As time goes on, it will likely be increasingly rare to get excited about the annual induction concert/party/ceremony that is held in connection with the Rock and Roll Hall of Fame.
Although I didn't get to go to the real ceremony held at the Waldorf Astoria hotel in New York earlier this month (only celebrities such as Richard Gere, Cameron Diaz and Catherine Zeta-Jones seem to get a seat at the table), I did catch the broadcast over VH1 on Saturday night, March 19.
A few points to ponder:
I knew they would save U2 for last. Why else would anyone stay tuned in? They performed an energetic and strong set of four originals, with Bruce Springsteen joining them on stage.
The Pretenders are not in the same league as U2, but I would have likely cast a vote for them; especially in the wake of undeserving artists such as Billy Joel, Aerosmith and ZZ Top gaining entry in years past.
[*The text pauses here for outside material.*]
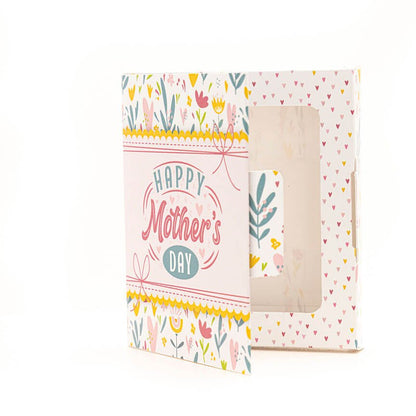 Mother's Day Greeting Card Cookie Cutter - Periwinkles Cutters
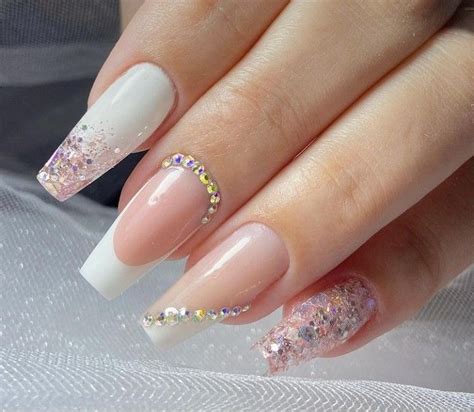 Pin de Yamileth González em nails Unhas Unhas bonitas Unhas compridas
There are a zillion Major League ball players who have hit home runs or thrown a shut out; do they all get in the Baseball Hall of Fame? Of course not.
Buddy Guy is a great guitarist, although I think of him more in the blues camp than rock. But it was great to see him square up and play with Eric Clapton and B.B. King on stage at the event.
Isn't it the "rock 'n' roll" hall of fame. I think Percy Sledge had a great song with "When a Man Loves a Woman," but that isn't rock 'n' roll, and does one song alone get you into the hall? The same goes for fellow inductees, the O'Jays. "Love Train" is a cool, but shouldn't these guys be in the Soul music hall or something? If those artists are welcomed, why leave out Hall & Oates? They have had more influence than Sledge, and fused soul with rock and are undoubtedly more influential?
And why isn't Gram Parsons in the hall; I can't tell you how many up-and-coming alt country-roots rockers are influenced by him today. I think the hall will loose credibility as the years go by and they continue to let in artists who don't rank up there with the Beatles, Jimi Hendrix, Chuck Berry and U2.